There are no masks. There are no gowns. They’re running low on gloves, because everyone has panicked and stockpiled all of this so that the medical staff doesn’t have it. We cannot stay safe and we cannot care for all these people that are coming in because no one is taking this seriously...and I am being super-transparent: I was one of those people that wasn’t taking it seriously, but I’m here to tell you that you need to.

We are literally making life-and-death decisions for people, and if I’m being super honest, I didn’t choose nursing or the healthcare field to not help people, and that’s exactly what the choices are that they’re giving us. They’re giving us no choice but to help only the people that they think can survive.

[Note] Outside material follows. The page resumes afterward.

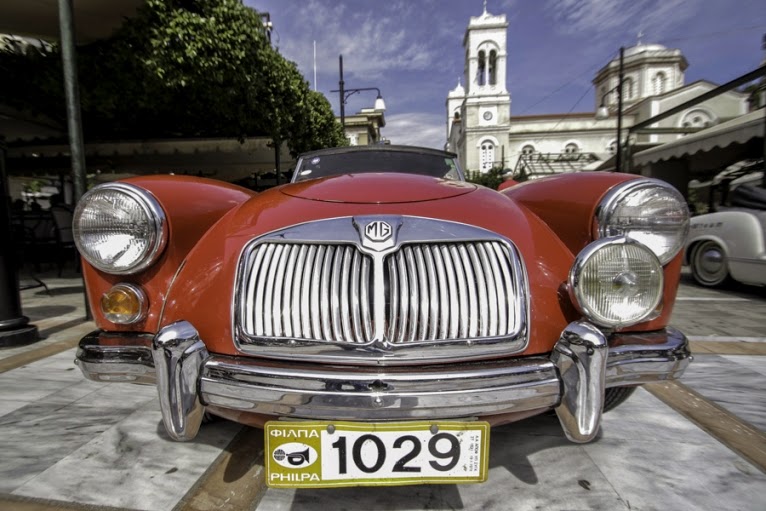 Χαμός από πανέμορφά ιστορικά αυτοκίνητα στη Πλατεία Ελευθερίας της Λαμίας - Φωτογραφία 1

Normally, if a patient was to pass away it would be because we tried everything that we could; we did everything we could; we had all the resources and all the people that we needed to help save this patient’s life and it was just their time.

And now...we aren’t giving the patient the time to choose whether it’s their time or not and we’re choosing for them. And I never wanted to go into a career where I wasn’t able to save everyone, and that’s the option that society, and the government, and everyone is giving us, because...that’s it. That’s all we have.

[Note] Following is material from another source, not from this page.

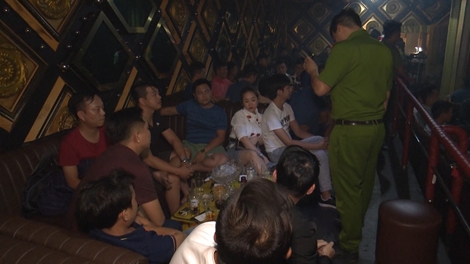 Đột kích bar đã đổi tên vì vi phạm, phát hiện 35 nam nữ dương tính với ma túy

And I’m telling you right now: Please heed my advice and stay home. Stay home with your loved ones; don’t go out. Don’t go to the grocery store. Don’t go through the drive-thrus. Don’t do anything that could put you at risk to have to see me at the end of the tunnel. I’m telling you it’s not worth it, and I don’t know what I can do to save people anymore. And that is something that I’ve never wanted to say in my entire career. So stay home...if you have any extra resources, consider donating them. And to my co-workers and all the people in the healthcare field, environmental services, our police officers and...first responders, just thank you so much for all that you’re doing.

We’re in this together; we’re gonna fight this as hard as we can, and if everyone does their part, I think that we’ll come out victorious, but consider donating supplies if you have them home, and stay home. And if you guys like this, I can certainly continue to do updates from the front line, but...just wish us luck, and stay home; love on your loved ones because I can’t...social isoliation...act like you have it. And, you know, just stay home and we’ll get through this together.

All right...good luck; cheers from the E.R.